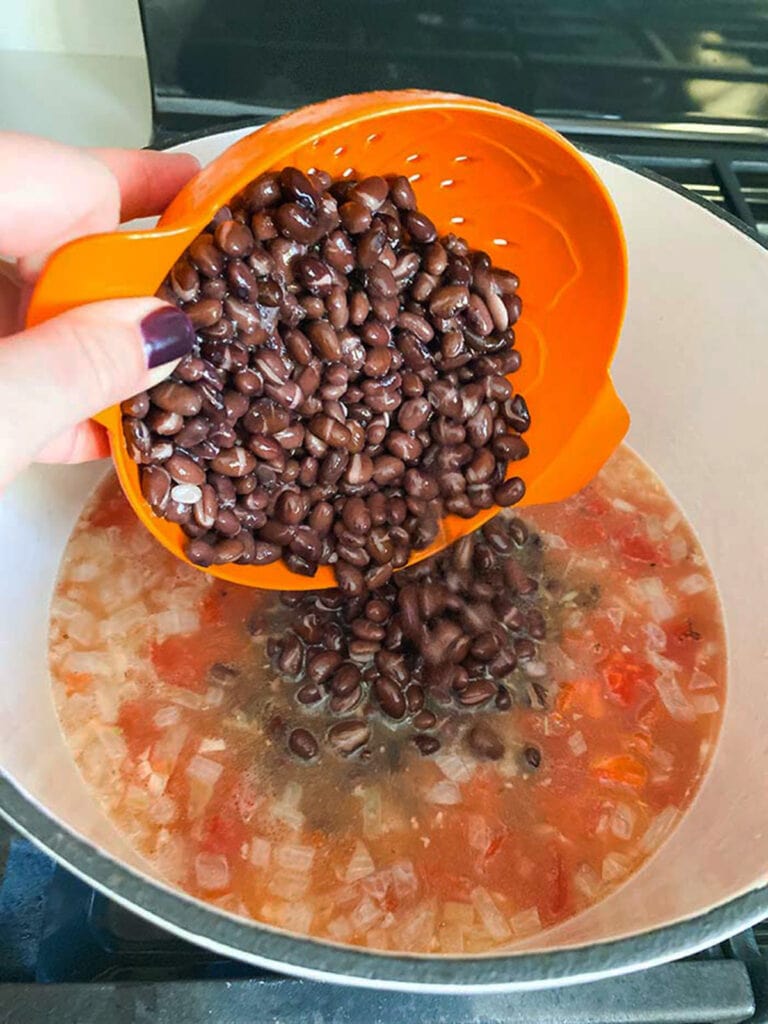add rinsed and drained clack beans to pot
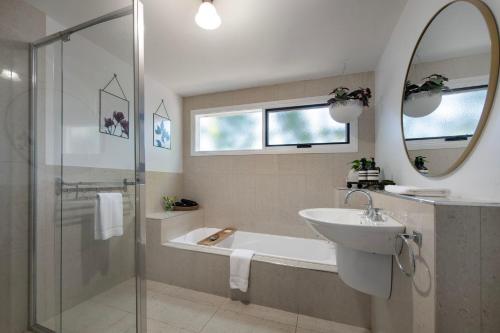 a bathroom with a tub and a sink and a mirror at Wayward Cottage in Daylesford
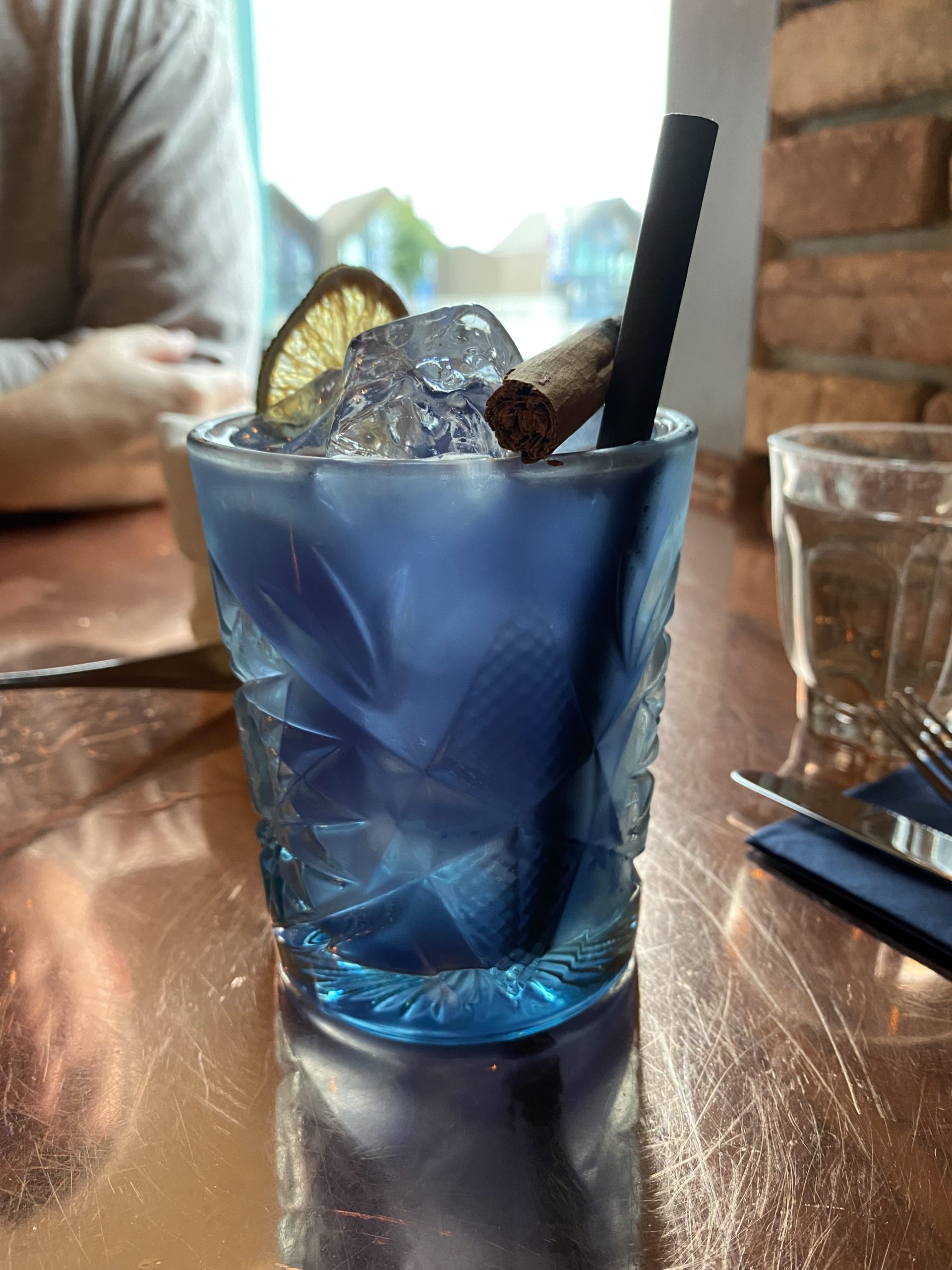 a blue drink with a straw and a cinnamon stick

### Work order:
Return each line from the material above exactly, but not the pictures.

### Task answer:
add rinsed and drained clack beans to pot
 a bathroom with a tub and a sink and a mirror at Wayward Cottage in Daylesford
 a blue drink with a straw and a cinnamon stick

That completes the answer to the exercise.